Cale Yarborough was born in 1939 in South Carolina to a tobacco farmer and cotton gin operator. Before entering the world of racing, Yarborough was a football athlete. In 1957, he made his racing debut at the Southern 500. He quickly became one of the top racers, eventually winning 83 races, tying him with Jimmie Johnson.
Most notable in his career, were his three consecutive Cup championships from 1976-1978. Jimmie Johnson would eventually beat that and add two more consecutive wins. Yarborough was one of the best race car drivers of his time. He was inducted in the NASCAR Hall of Fame in 2011. Another big honor was getting a part of South Carolina Highway 403 re-named after him to Cale Yarborough Highway.
Terry Labonte- Two Cup Championships
Terry Labonte was a NASCAR racer for 27 years during which he won two Cup championships and 22 races. He set the record for the most years in between two Cup championship wins. Labonte was born into a family of racers, but unlike his two brothers, Bobby and Justin, Terry became one of the most popular drivers of his time.
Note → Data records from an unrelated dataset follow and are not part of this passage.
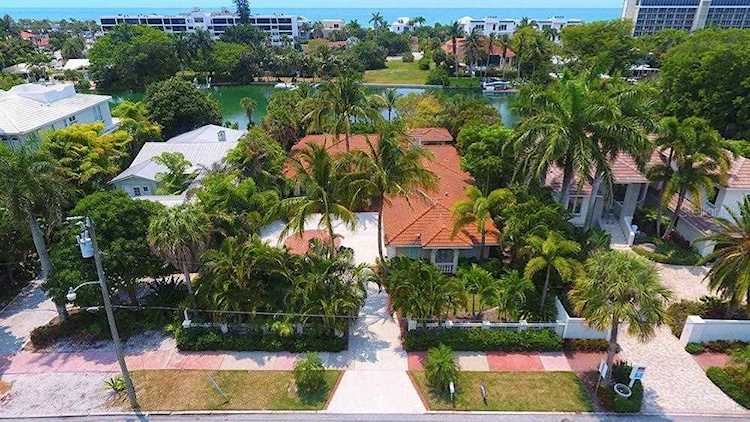 373 S Washington Dr Sarasota, FL 34236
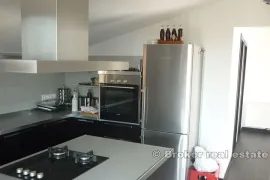 Kuća sa 3 etaže, na prodaju, Trogir - Okolica, Casa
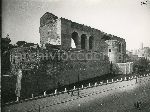 Illustrazione num. 46: "L'evento sospirato (6 settembre 1932): l'apparizione del Colosseo, ora visibile da piazza Venezia; la basilica di Massenzio raschiata e rabberciata che sembra una copia dell'originale".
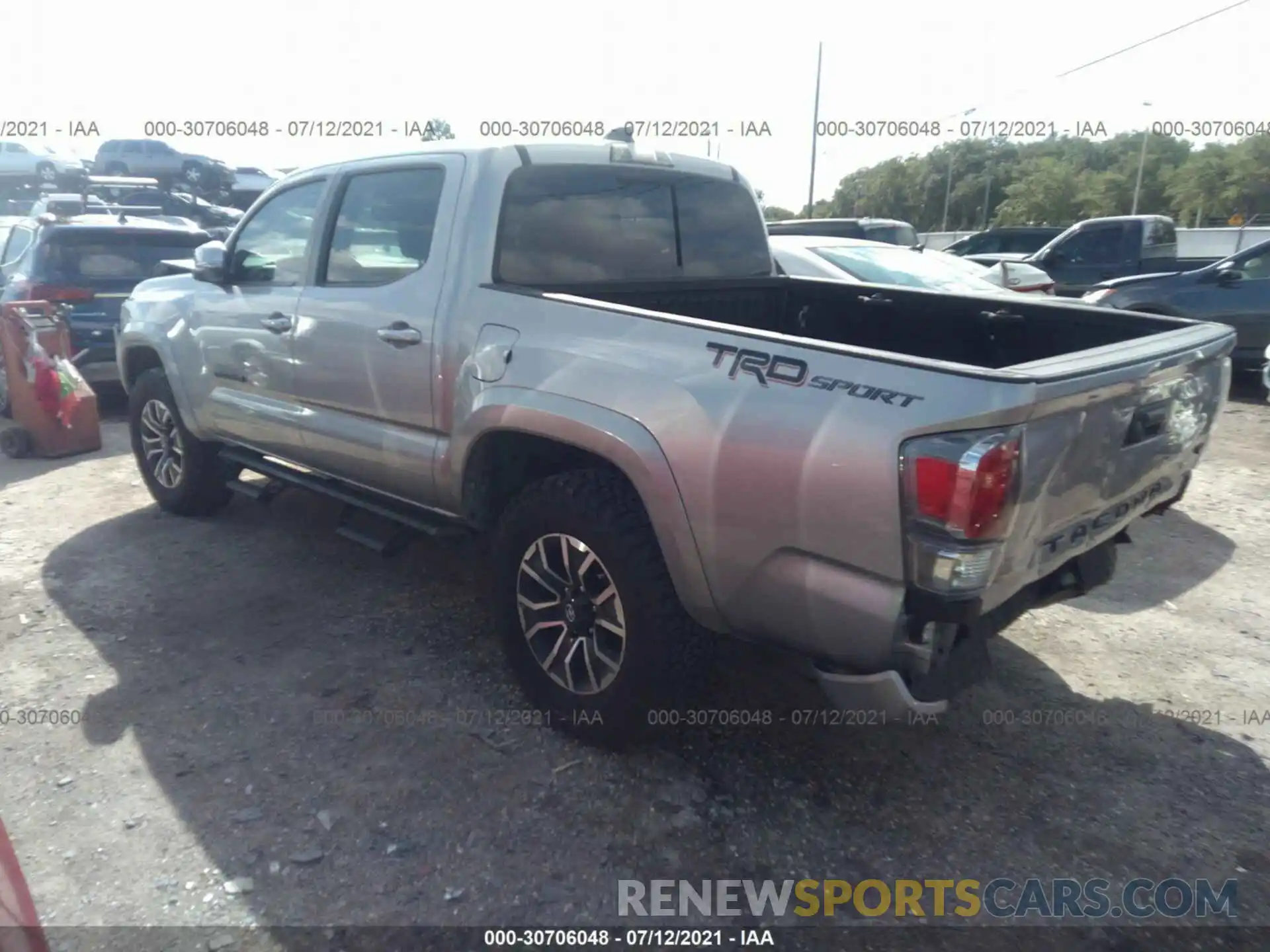 3 Photograph of a damaged car 3TMAZ5CNXLM133140 TOYOTA TACOMA 2WD 2020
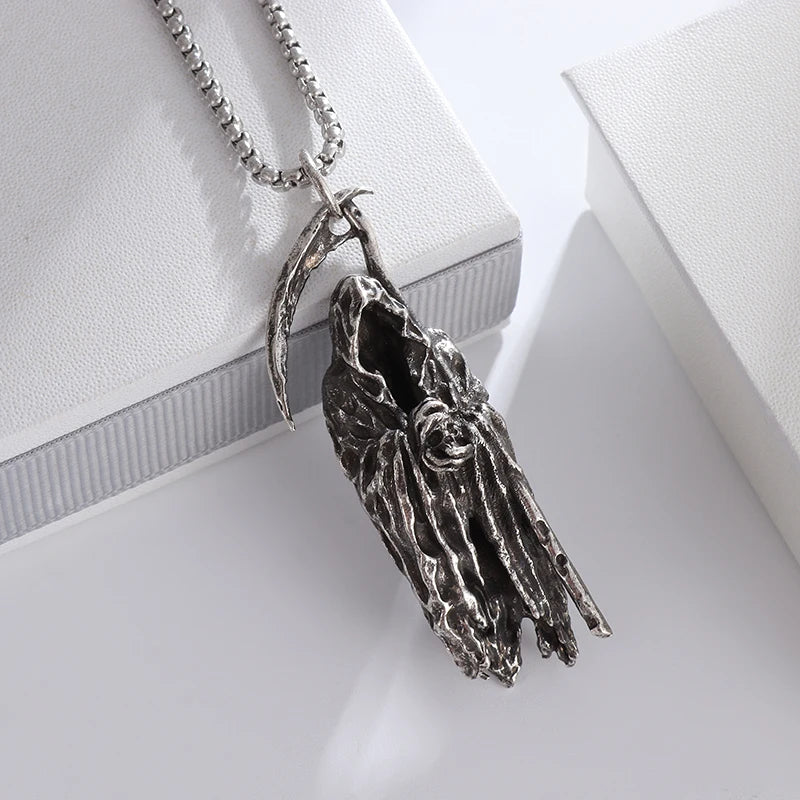 Collier Pendentif Faux de la Mort - Bijou Gothique Enfer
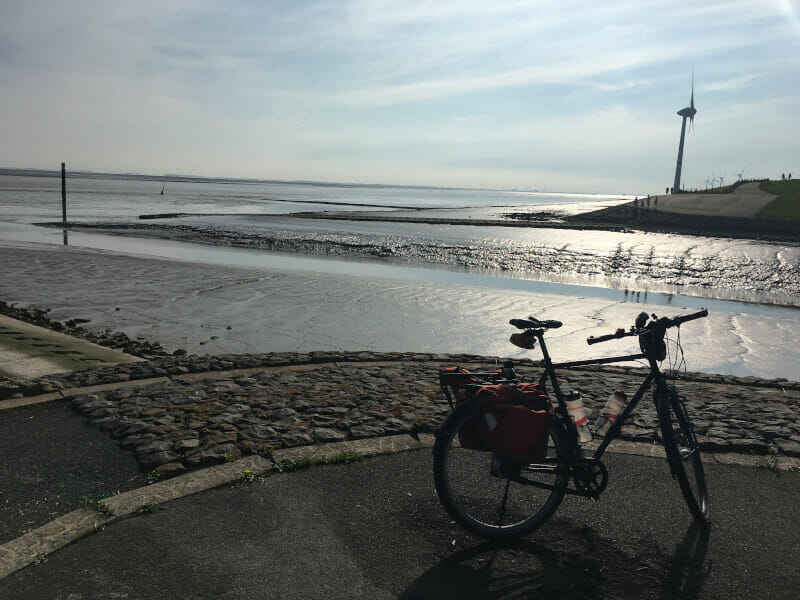 Reiserad in Emden an der Nordsee am Emsradweg.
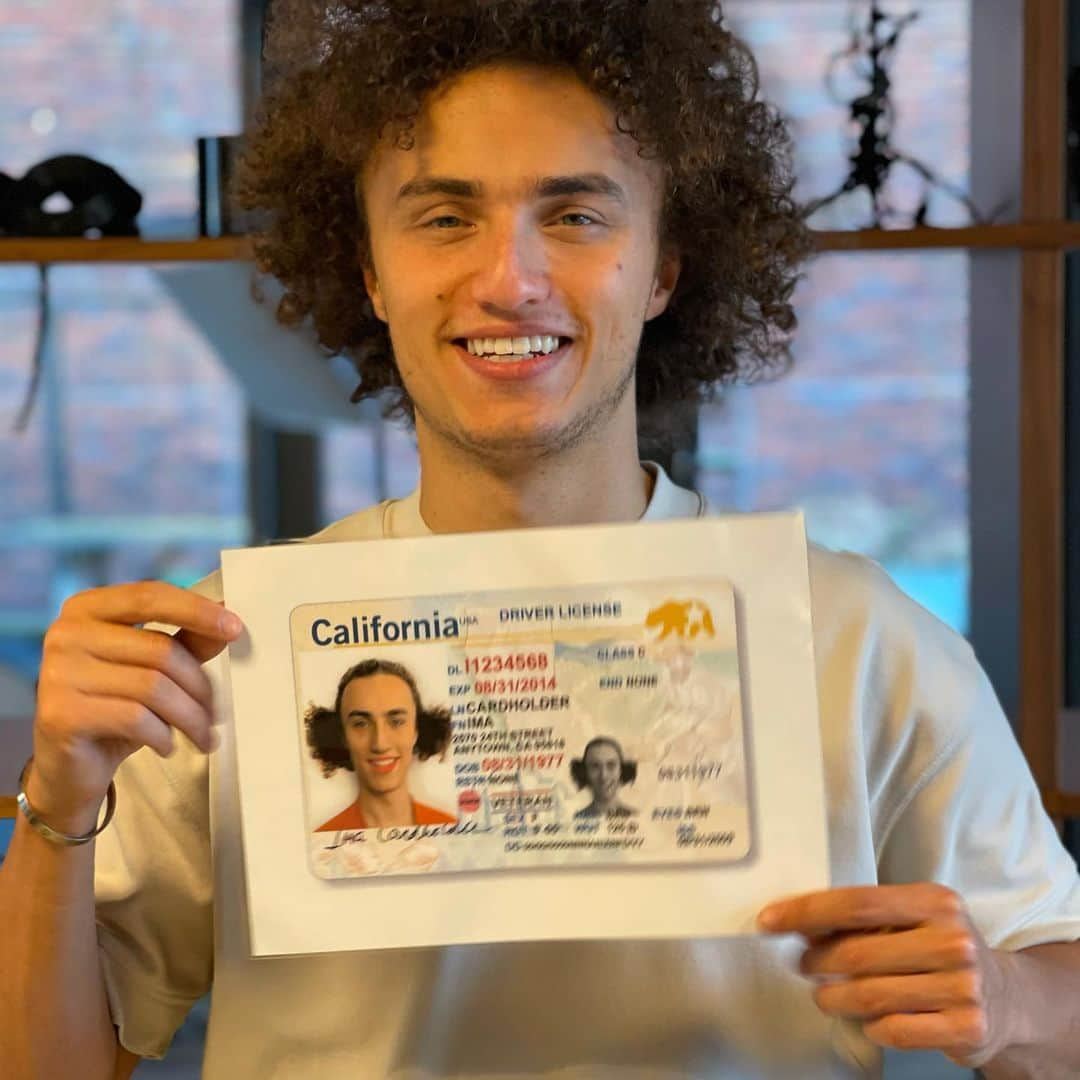 Kwebbelkopさんのインスタグラム写真 - (KwebbelkopInstagram)「I just got my drivers license. Now my friends can’t bully me anymore.」12月4日 23時27分 - kwebbelkop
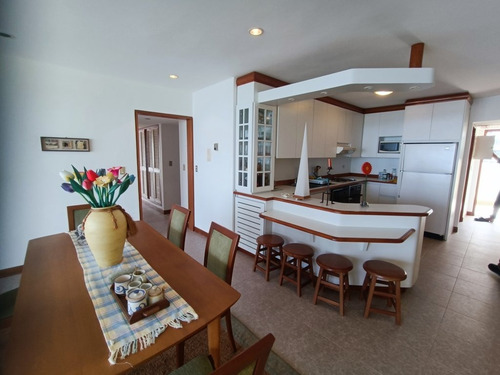Apartamento De Playa En Venta Camurí Grande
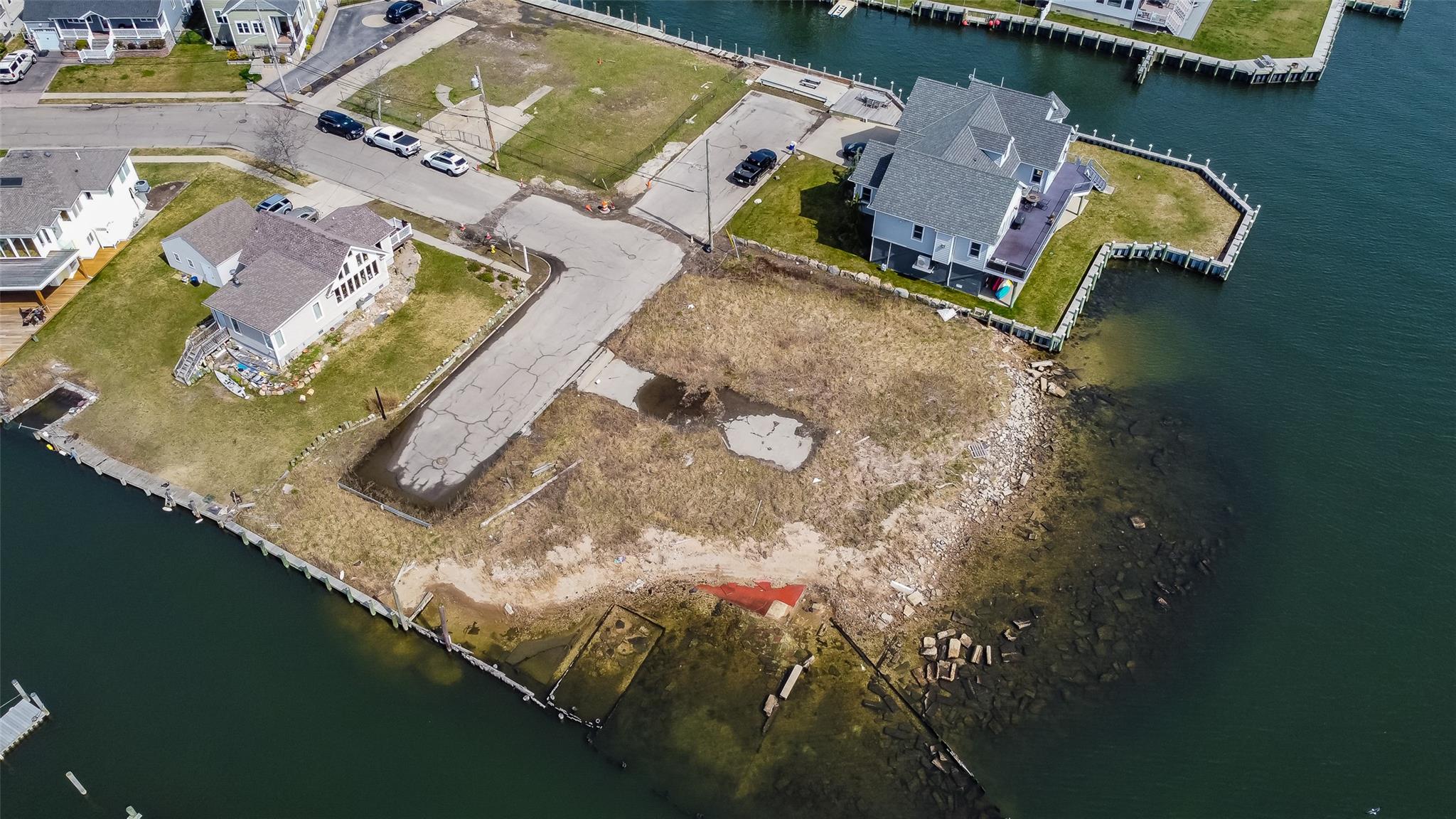 57-61 E Shore Drive, Babylon, NY 11702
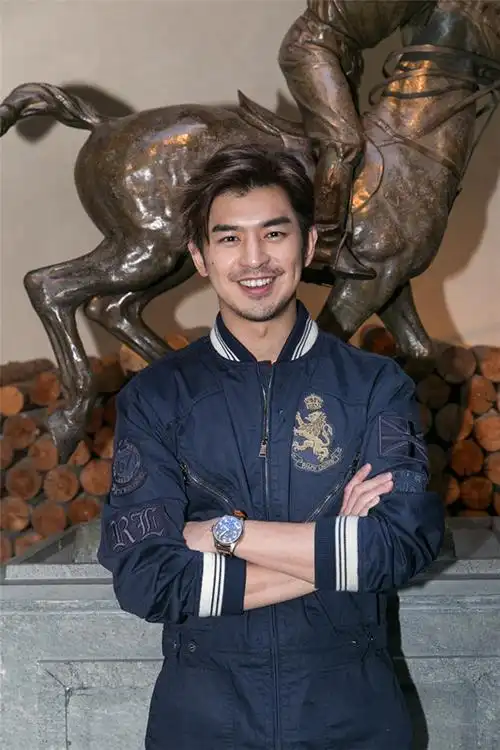 陈柏霖受邀米兰时装周帅气有型少年感爆棚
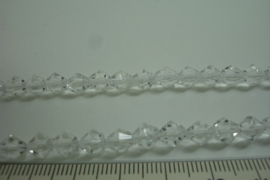 [ 6777 ] Conisch geslepen Glaskraal 6 mm. Kristal helder, per streng
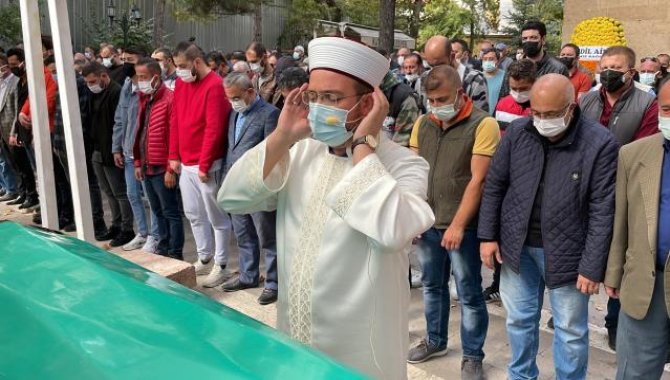 Kütahya'da lise öğrencisi genç kız Kovid-19'dan hayatını kaybetti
In 1984, Terry starred as a guest in an episode of The Dukes of Hazzard, playing a pit crew member. He also starred as himself in the Burt Reynolds movie "Stroker Ace" the year prior. He also had some appearances in commercials for Denny’s.
Benny Parsons- 285 Top-Tens
Another North Carolina-born driver, Benny Parsons gained recognition after winning the 1973 NASCAR Winston Cup champion. That year, he had 21 top-ten finishes and 15 top-five finishes out of 28 races that season. After retiring in 1988, he became a top broadcaster and analyst in NASCAR for TBS, ABC, ESPN, NBC, and TNT.
In 2017, Parsons was inducted into the NASCAR Hall of Fame. Parsons had his fair share of health problems during the last few years of his life. Even though he had stopped smoking back in the late '70s, it seems that it had long-lasting effects on his breathing. Sadly, he passed in 2007 from lung cancer.
Ricky “The Rooster” Rudd- 788 Consecutive Starts
Virginia-born Ricky Rudd got his racing start as a teenager in go-karts and motocross. He made his NASCAR debut in 1975 at North Carolina Speedway. Two years later, he became a full-time driver. His 32-year career consisted of 23 wins at the NASCAR Cup Series. He retired in 2006 and was inducted into the Virginia Sports Hall of Fame in 2007.
One of Ricky Rudd’s most memorable NASCAR moments was in 1988 at the Budweiser At The Glen. He was able to pass the finish line before Rusty Wallace by inching closer to him although Wallace had gained speed in the final laps.
Mark Martin- 882 Races
Despite never having won a Cup championship, the Arkansas-born native has nonetheless been described by ESPN as one of the best drivers. He’s not the best there ever was, but with 40 wins, 51 pole positions, and a career that spanned more than 31 years, he is definitely deserving of a spot on our list. Plus, there’s that minor fact that he managed to make an earning of over $85 million by the time he retired.
In 2017, Martin received the honor of being inducted in the NASCAR Hall of Fame along with Richard Childress, Rick Hendrick, Raymond Parks, and Benny Parsons. Since retiring from racing, Martin has switched to the back end and now is the owner of several car dealerships in Arkansas.